In chiave friulana interessa un altro risvolto dopo la partita non giocata contro l’Udinese martedì sera, quando la Salernitana non si è presentata allo stadio Friuli per obbedire al diktat dell’Asl locale che l’ha bloccata alla partenza per la positività di due giocatori, positività dai successivi tamponi molecolari che hanno confermato l’esito dei precedenti test seppur non aggravando la situazione con ulteriori casi di contagio.
A livello strettamente procedurale, la partita si è formalmente svolta, seppur in assenza di una squadra, quella ospite, con tanto di spalti aperti al pubblico. L’arbitro Camplone ha fischiato l’inizio e la fine anticipata del match dopo trequarti d’ora, provvedendo a inoltrare il proprio referto al giudice sportivo Gerardo Mastrandrea che provvederà nelle prossime ore ad emettere il proprio comunicato, nel quale troverà spazio – seguendo i casi precedenti – il 3-0 a tavolino per l’Udinese.
Ma la Salernitana, come anticipato, ha già mosso i primi passi per rigiocare la partita allo stadio Friuli. Ieri, infatti, il club campano ha ingaggiato uno dei “bomber” del diritto sportivo, l’avvocato Eduardo Chiacchio. «Ho appena ricevuto mandato a procedere – ha svelato il professionista napoletano –. Faremo preannuncio di reclamo per il mancato rinvio della gara con l’Udinese».
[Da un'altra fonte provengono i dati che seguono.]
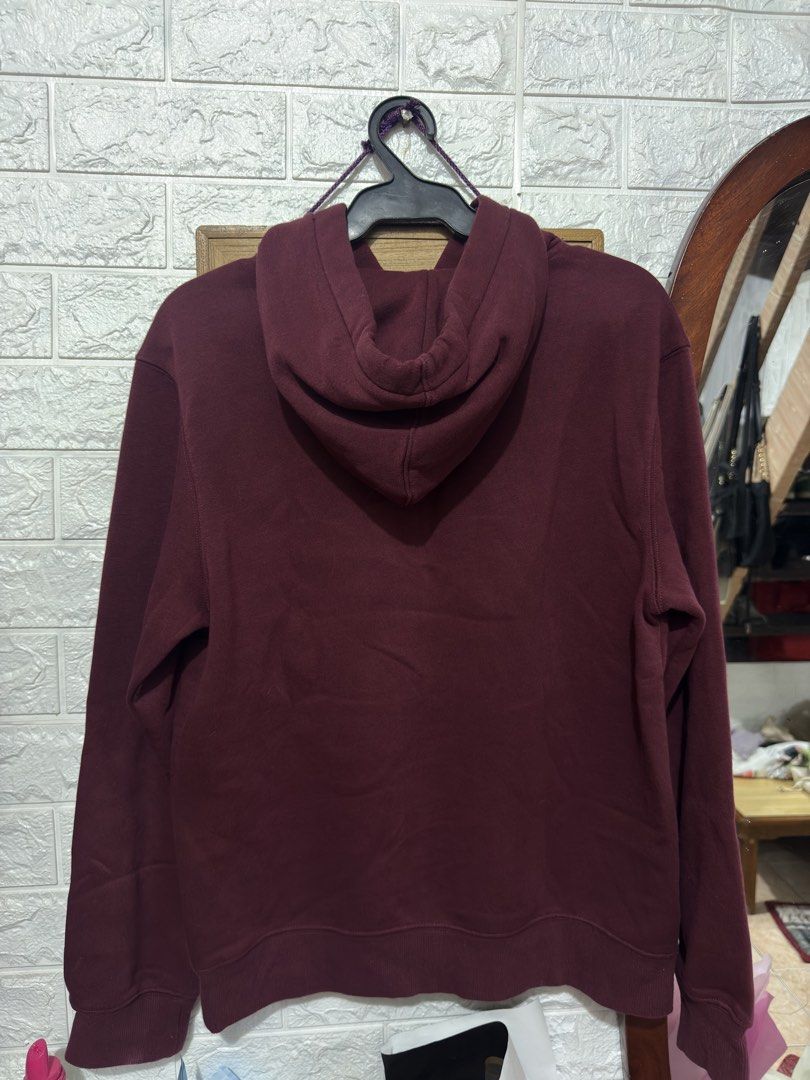 H&M Regular Fit Maroon Hoodiie (Category: Hoodies) located in Caloocan City. Submitted by allen23_ (Listing ID 1439994722, Image 2). Description: small on tag once lang nasuot.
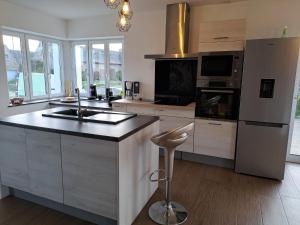 Holiday home 10 pers , panoramic sea view, Cléder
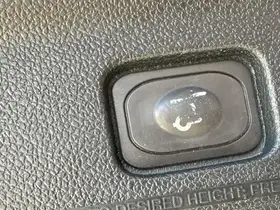  Ford Explorer - Image 17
Questa la linea di Chiacchio che ha già operato in simili situazioni difendendo il Torino quando i granata saltarono la sfida con la Lazio all’Olimpico, ottenendo di rigiocarla il 18 maggio, due mesi e mezzo dopo. «Ogni causa fa il suo corso, ciascuno ha i propri diritti da far valere e soprattutto ogni fattispecie è diversa. Le cause vanno fatte con riservatezza e non commento le dichiarazioni del dirigente dell’Udinese, Pierpaolo Marino», ha concluso il legale.
Chiaro il riferimento alla “punzecchiata” del dt bianconero: «La Salernitana lunedì avrebbe dovuto prendere un charter e non un aereo di linea, come prevede l’articolo 4 del protocollo Covid della Lega, che stabilisce che le società devono usare voli privati, e siccome il provvedimento dell’Asl era di impedire il viaggio sul volo di linea, con un charter la Salernitana avrebbe potuto essere regolarmente al Friuli già alla vigilia della partita».